BEGIN Records for the task

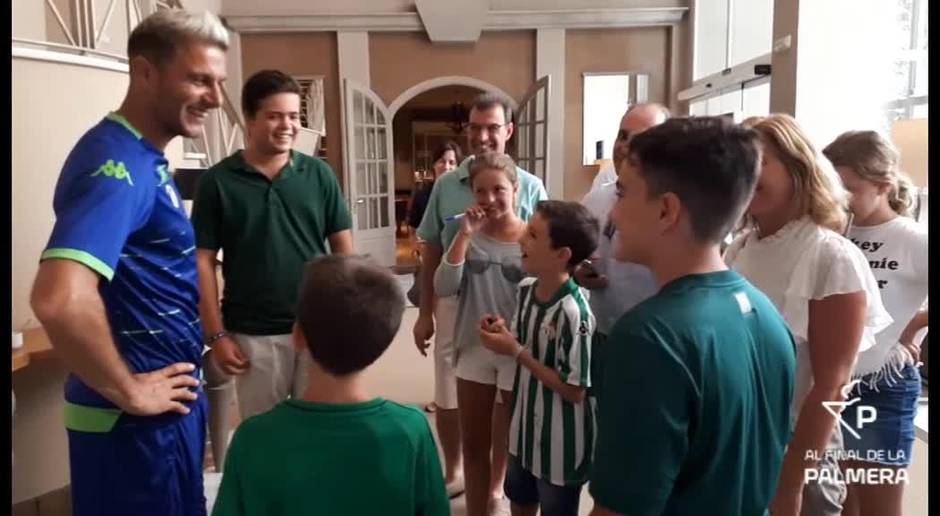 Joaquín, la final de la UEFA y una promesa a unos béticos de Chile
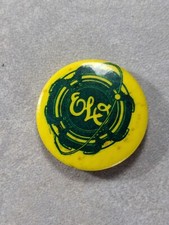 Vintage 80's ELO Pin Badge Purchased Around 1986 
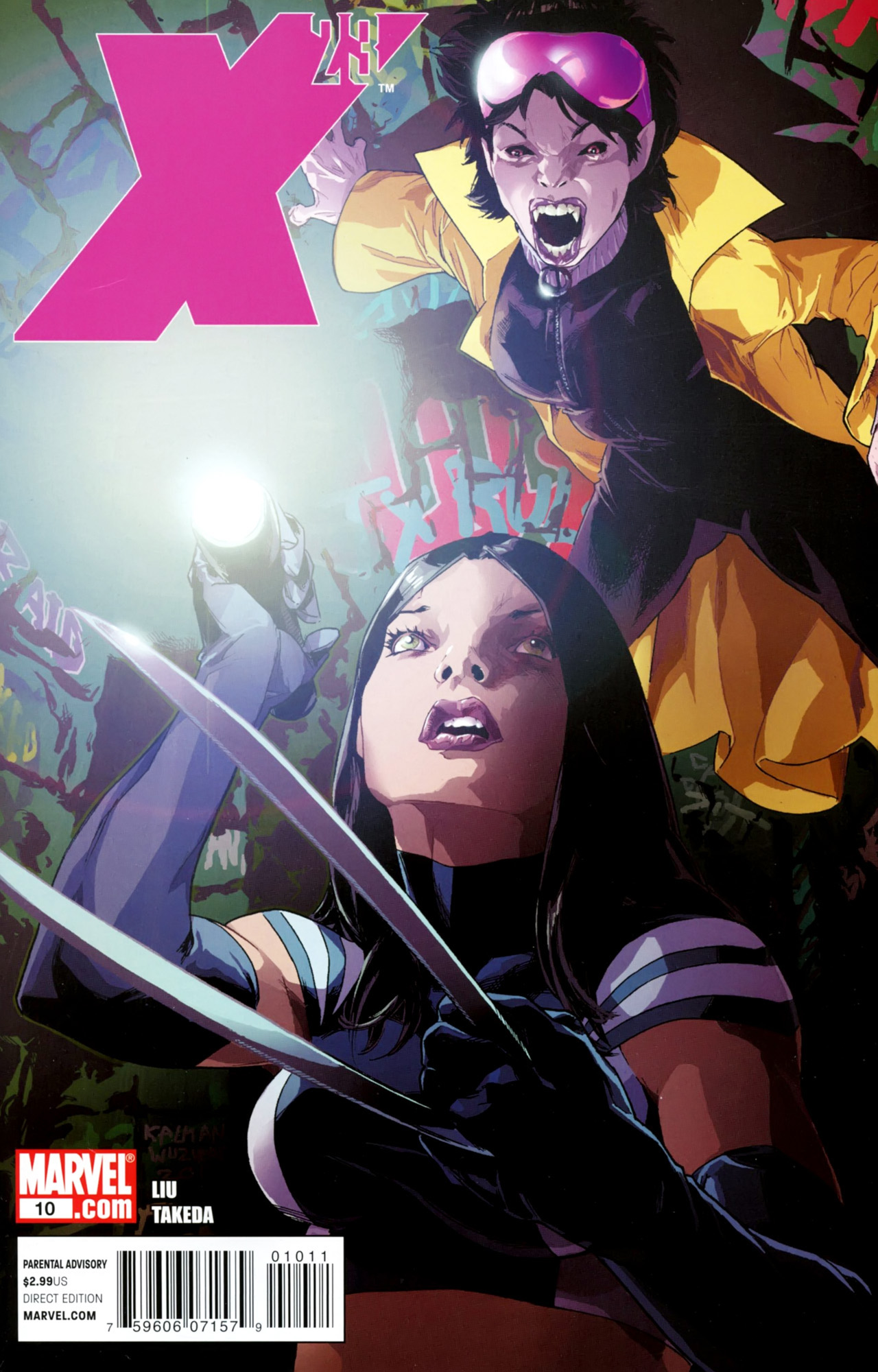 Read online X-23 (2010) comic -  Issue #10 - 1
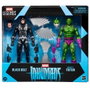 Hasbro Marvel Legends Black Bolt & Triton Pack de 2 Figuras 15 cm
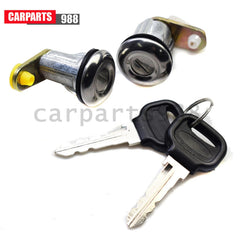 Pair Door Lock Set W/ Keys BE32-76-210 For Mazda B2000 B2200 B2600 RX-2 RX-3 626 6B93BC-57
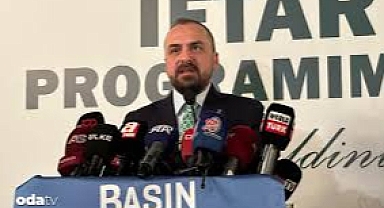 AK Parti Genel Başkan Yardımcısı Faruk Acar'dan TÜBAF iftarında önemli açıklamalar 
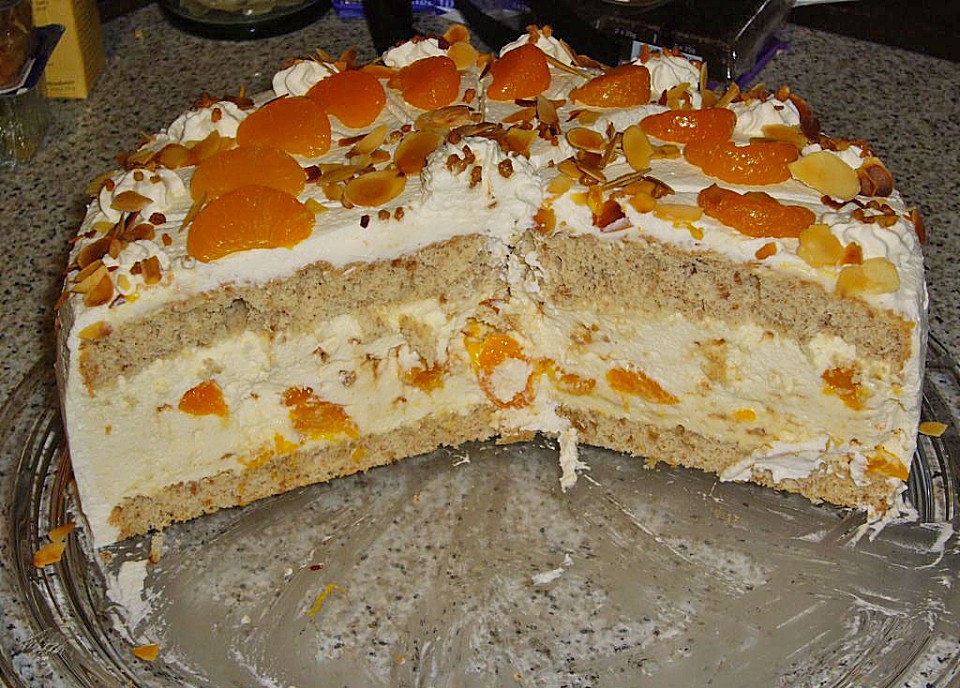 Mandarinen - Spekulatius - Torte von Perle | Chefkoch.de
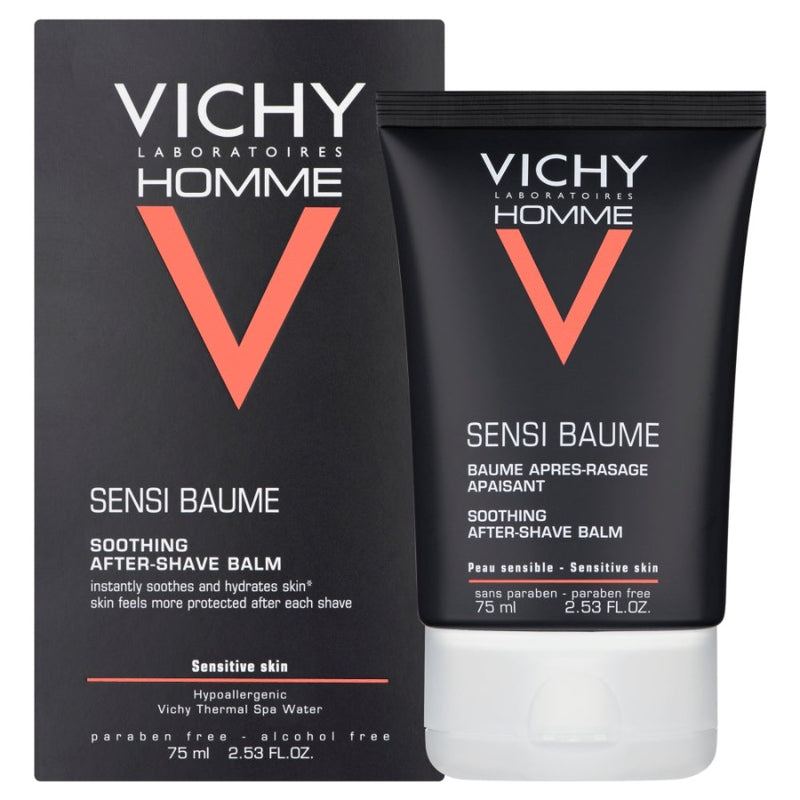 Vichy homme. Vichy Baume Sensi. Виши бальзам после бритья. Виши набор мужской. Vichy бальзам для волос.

END Records for the task
BEGIN Records for the task

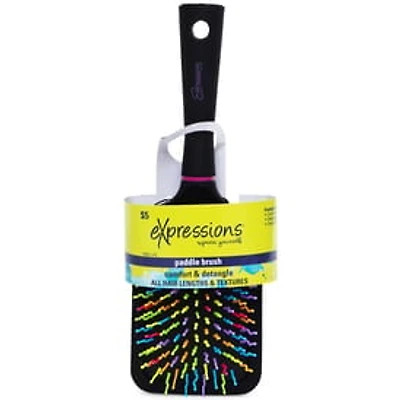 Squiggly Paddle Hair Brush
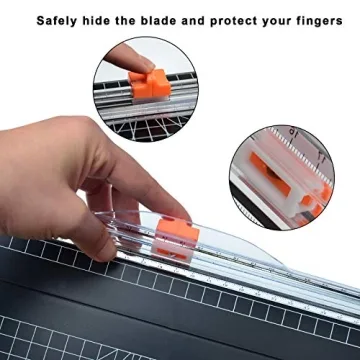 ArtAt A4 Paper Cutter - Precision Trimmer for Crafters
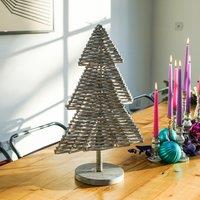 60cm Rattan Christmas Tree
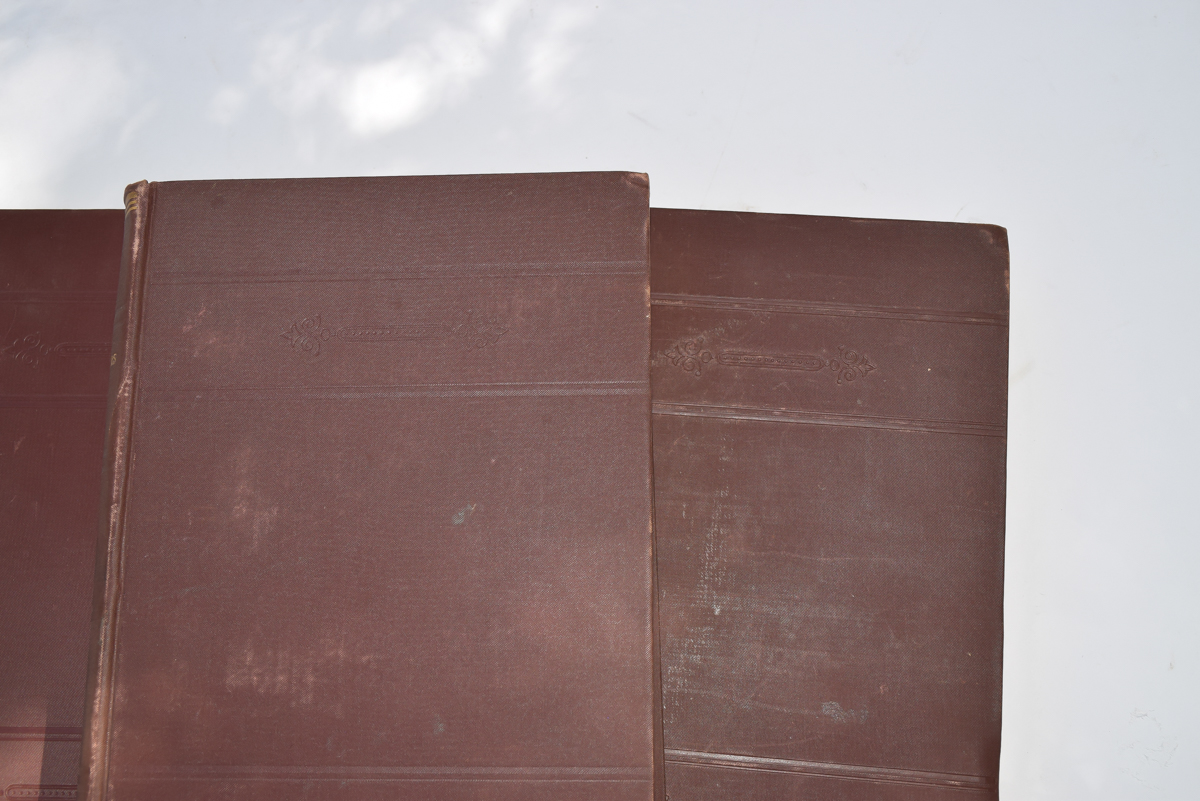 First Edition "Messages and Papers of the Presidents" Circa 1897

END Records for the task
BEGIN Records for the task

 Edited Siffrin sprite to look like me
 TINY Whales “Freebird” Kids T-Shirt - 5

END Records for the task

Exercise:
Each line above from the one containing "Pair Door Lock" through the one containing "Vichy homme. Vichy" is to be returned verbatim. Nothing else, and no pictures.

Task response:
 Pair Door Lock Set W/ Keys BE32-76-210 For Mazda B2000 B2200 B2600 RX-2 RX-3 626 6B93BC-57
 AK Parti Genel Başkan Yardımcısı Faruk Acar'dan TÜBAF iftarında önemli açıklamalar 
 Mandarinen - Spekulatius - Torte von Perle | Chefkoch.de
 Vichy homme. Vichy Baume Sensi. Виши бальзам после бритья. Виши набор мужской. Vichy бальзам для волос.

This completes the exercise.